YEREVAN (Reuters)–Armenian President Robert Kocharian told top officials on Wednesday they would be held accountable if next Sunday’s parliamentary poll was marred by fraud and irregularities like previous elections.
Foreign observers said contests in 1995–1996 and 1998 were marred by irregularities which tarnished Armenia’s democratic image abroad.
A stern-looking Kocharian warned his top cabinet members they must ensure fairness this time–or face the consequences.
"As president I have the responsibility to uphold the law. We have the opportunity to organize exemplary elections.

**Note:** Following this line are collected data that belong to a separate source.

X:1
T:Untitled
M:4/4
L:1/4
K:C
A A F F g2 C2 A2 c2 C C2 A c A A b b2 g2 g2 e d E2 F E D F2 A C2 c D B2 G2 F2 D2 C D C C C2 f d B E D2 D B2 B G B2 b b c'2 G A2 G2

"The approach is clear: those who violate (election rules) will not be forgiven. They will be punished with all severity. If any of you know of anyone who has any such plans–come forward now. Every instance will be investigated. No one will have immunity," said Kocharian.
The poor track record has lead to a high degree of cynicism among some locals who fear more falsification. Some smaller parties are boycotting the vote–saying a free and fair election is impossible.

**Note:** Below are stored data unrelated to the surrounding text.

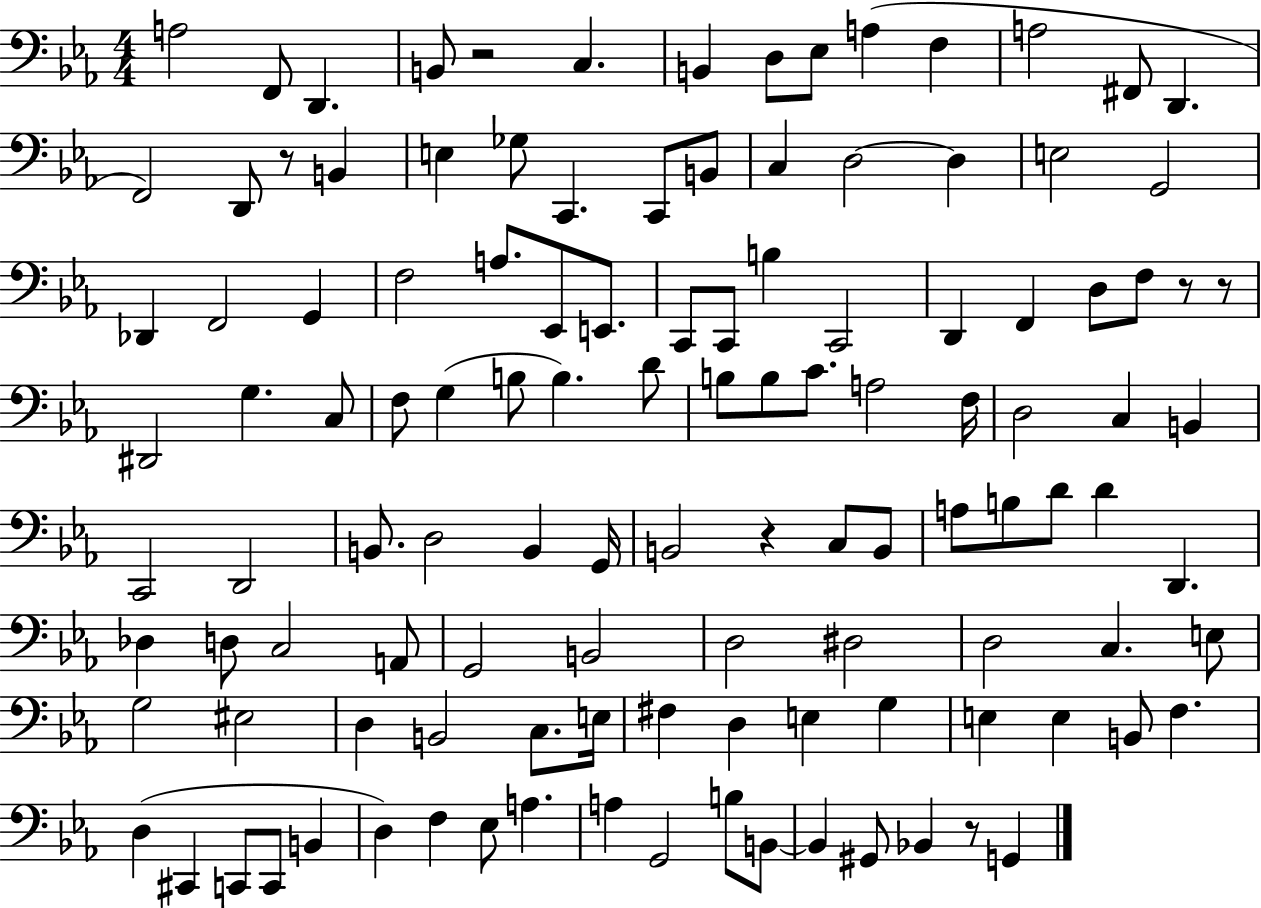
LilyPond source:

{
  \clef bass
  \numericTimeSignature
  \time 4/4
  \key ees \major
  \repeat volta 2 { a2 f,8 d,4. | b,8 r2 c4. | b,4 d8 ees8 a4( f4 | a2 fis,8 d,4. | \break f,2) d,8 r8 b,4 | e4 ges8 c,4. c,8 b,8 | c4 d2~~ d4 | e2 g,2 | \break des,4 f,2 g,4 | f2 a8. ees,8 e,8. | c,8 c,8 b4 c,2 | d,4 f,4 d8 f8 r8 r8 | \break dis,2 g4. c8 | f8 g4( b8 b4.) d'8 | b8 b8 c'8. a2 f16 | d2 c4 b,4 | \break c,2 d,2 | b,8. d2 b,4 g,16 | b,2 r4 c8 b,8 | a8 b8 d'8 d'4 d,4. | \break des4 d8 c2 a,8 | g,2 b,2 | d2 dis2 | d2 c4. e8 | \break g2 eis2 | d4 b,2 c8. e16 | fis4 d4 e4 g4 | e4 e4 b,8 f4. | \break d4( cis,4 c,8 c,8 b,4 | d4) f4 ees8 a4. | a4 g,2 b8 b,8~~ | b,4 gis,8 bes,4 r8 g,4 | \break } \bar "|."
}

Voters in Armenia with a population of 3.8 million are choosing a new 131-member National Assembly.
Seventy-five seats will be awarded in first-past-the-post individual constituencies and 56 from party lists.
There will be no run-off voting–with the top vote-getter in individual constituencies winning a seat. There is no minimum turnout requirement.
The Unity alliance between Karen Demirchian and powerful Defense Minister Vazgen Sargsyan is way ahead according to the limited available polling data. Some analysts say it has a chance to gain an outright majority.
Armenia’s orthodox Communist Party is running second and has benefited from continued low post-Soviet living standards. Most people live at or below the poverty line.
Two hundred foreign observers from the Organization for Security and Cooperation in Europe will monitor the poll.